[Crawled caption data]
■ ■ ■ ■ ■ ■ ■

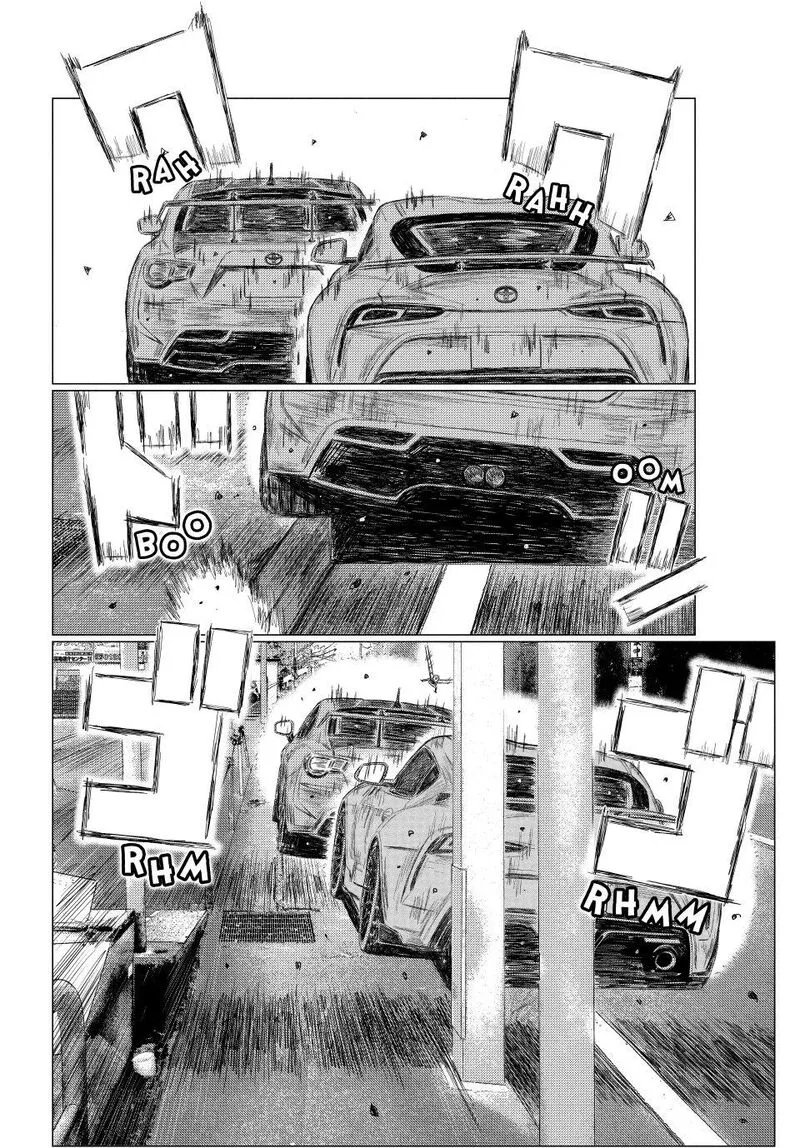 MF Ghost Chapter 265 page 10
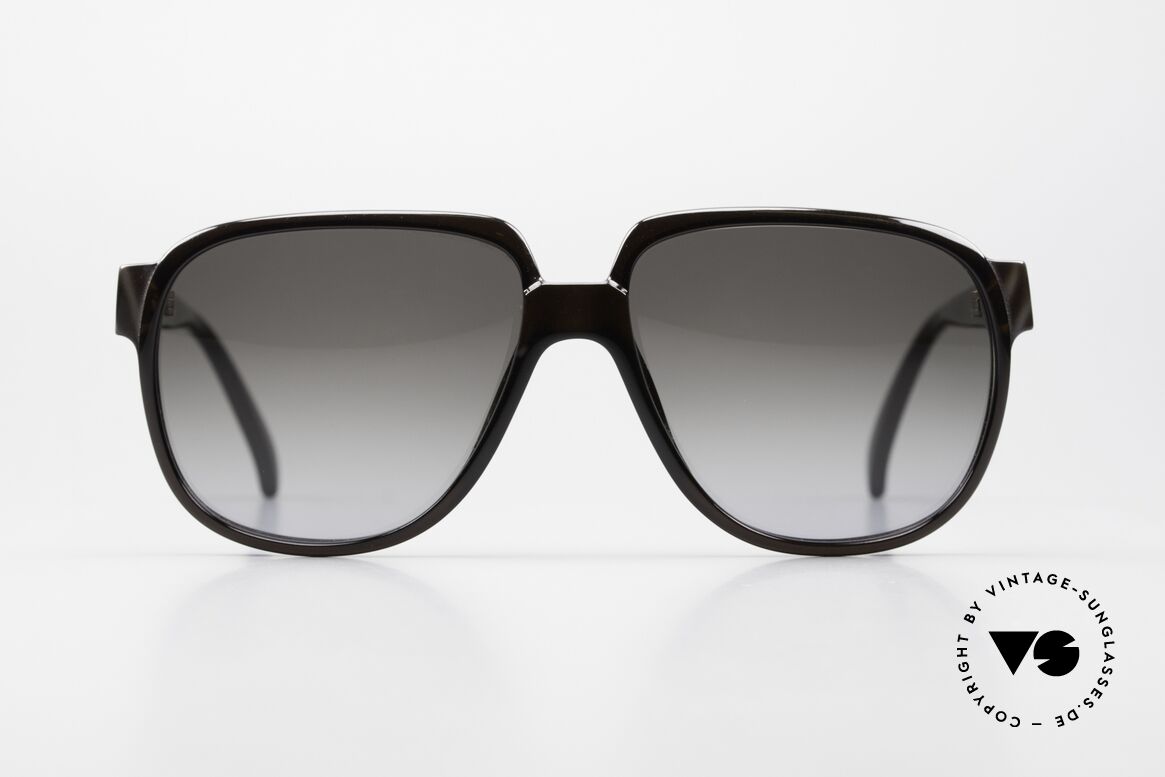 Christian Dior 2260 Sonnenbrille Herren 80er Optyl, alte vintage Dior Herren-Sonnenbrille von 1987/88, Passend für Herren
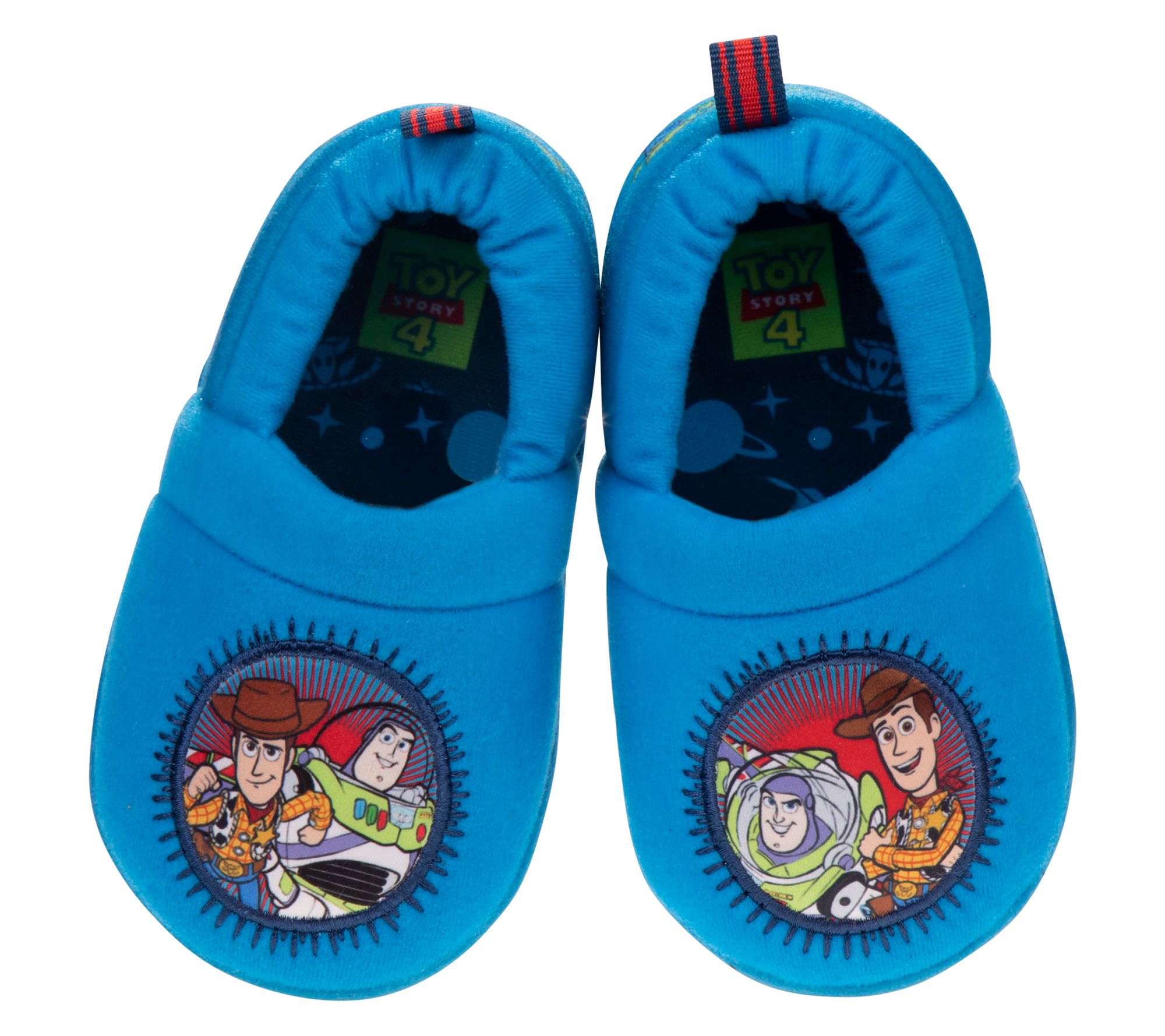 disney boys slippers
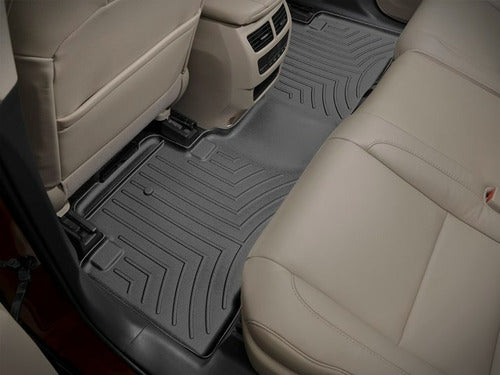 Tapetes Weathertech Acura Mdx 2022+ 1ra+2da F+ Caj Corta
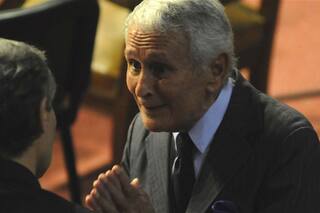 Murió el represor Miguel Etchecolatz a los 93 años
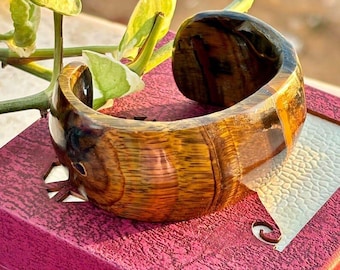 Pulsera de cuentas de ojo de tigre: protección curativa natural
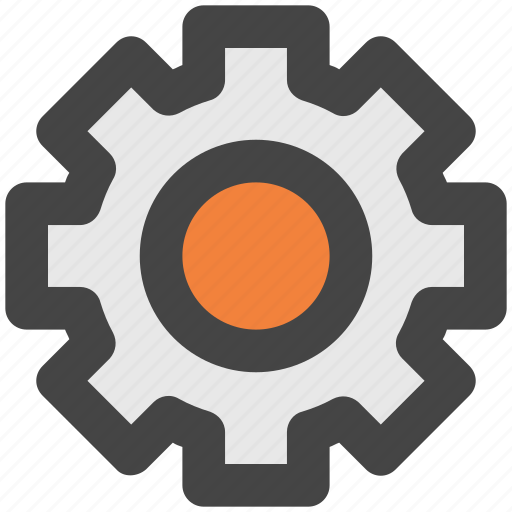 Cog, cogwheel, gear, gear wheel, options, setting icon - Download on Iconfinder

■ ■ ■ ■ ■ ■ ■

> [Your instructions]: The required output is every line from the one containing "Murió el represor" through the last line of the records, inclusive, reproduced exactly and without pictures.

> [Task answer]:
 Murió el represor Miguel Etchecolatz a los 93 años
 Pulsera de cuentas de ojo de tigre: protección curativa natural
 Cog, cogwheel, gear, gear wheel, options, setting icon - Download on Iconfinder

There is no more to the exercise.